In this exercise, write out the data word for word and leave every image out.
━━━ INPUT MATERIAL
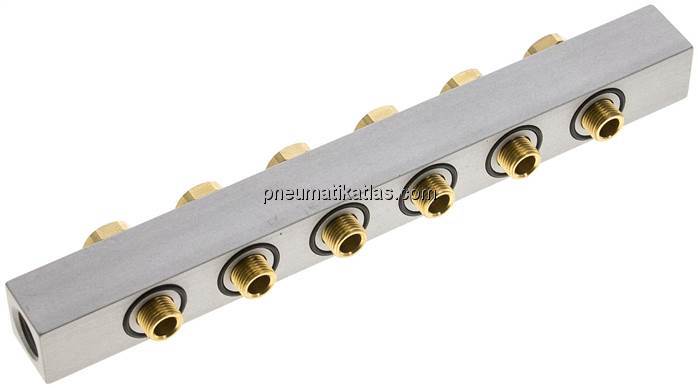 P-Leiste inkl. Hohlschrauben und Dichtungen für Ventilbaureihe M05 / P05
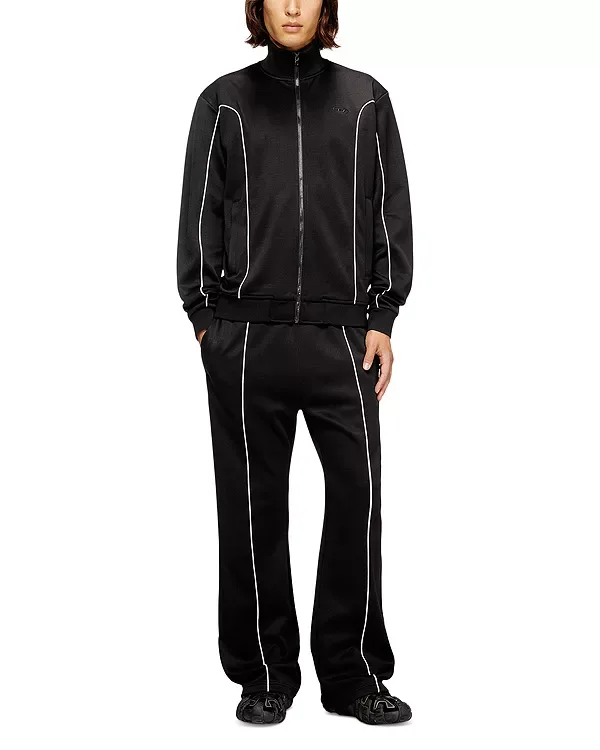 Спортивная куртка стандартного кроя Diesel, Black — фото 2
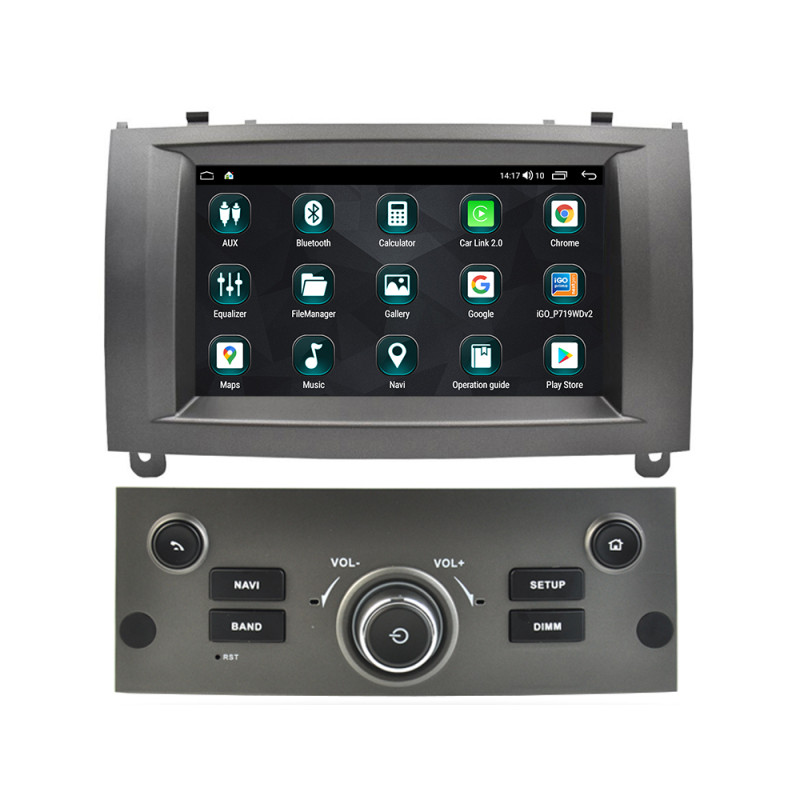 For Peugeot 407 2004-2011 Car Stereo Radio 8-Core Android 12 Carplay GPS 2+32G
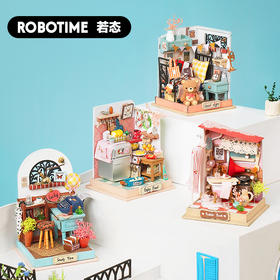 若态若来diy小屋方寸之间解闷手工制作别墅模型屋建筑房子女生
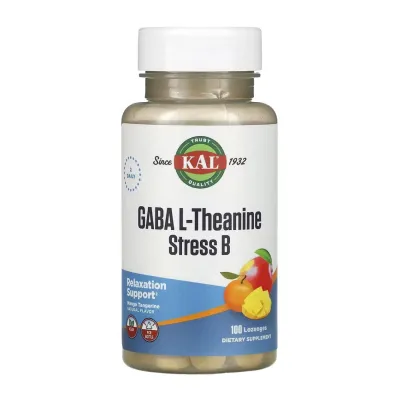 L-теанін KAL (GABA L-Theanine Stress B) — 100 льодяників, для спокою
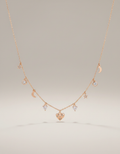 Stellina Celestial Charm Necklace in rose-gold-plated 925 silver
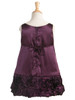 Black Charmeuse w/ Ribbon Embroidered Bottom and Pinned Flower Black Charmeuse w/ Ribbon Embroidered Bottom and Pinned Flower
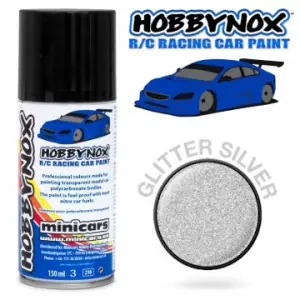 GLITTER SILVER R/C Racing Car Spray Paint 150 ml HN1210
━━━━━━
== OUTPUT OF THE TASK ==
 P-Leiste inkl. Hohlschrauben und Dichtungen für Ventilbaureihe M05 / P05
 Спортивная куртка стандартного кроя Diesel, Black — фото 2
 For Peugeot 407 2004-2011 Car Stereo Radio 8-Core Android 12 Carplay GPS 2+32G
 若态若来diy小屋方寸之间解闷手工制作别墅模型屋建筑房子女生
 L-теанін KAL (GABA L-Theanine Stress B) — 100 льодяників, для спокою
 Stellina Celestial Charm Necklace in rose-gold-plated 925 silver
 Black Charmeuse w/ Ribbon Embroidered Bottom and Pinned Flower Black Charmeuse w/ Ribbon Embroidered Bottom and Pinned Flower
 GLITTER SILVER R/C Racing Car Spray Paint 150 ml HN1210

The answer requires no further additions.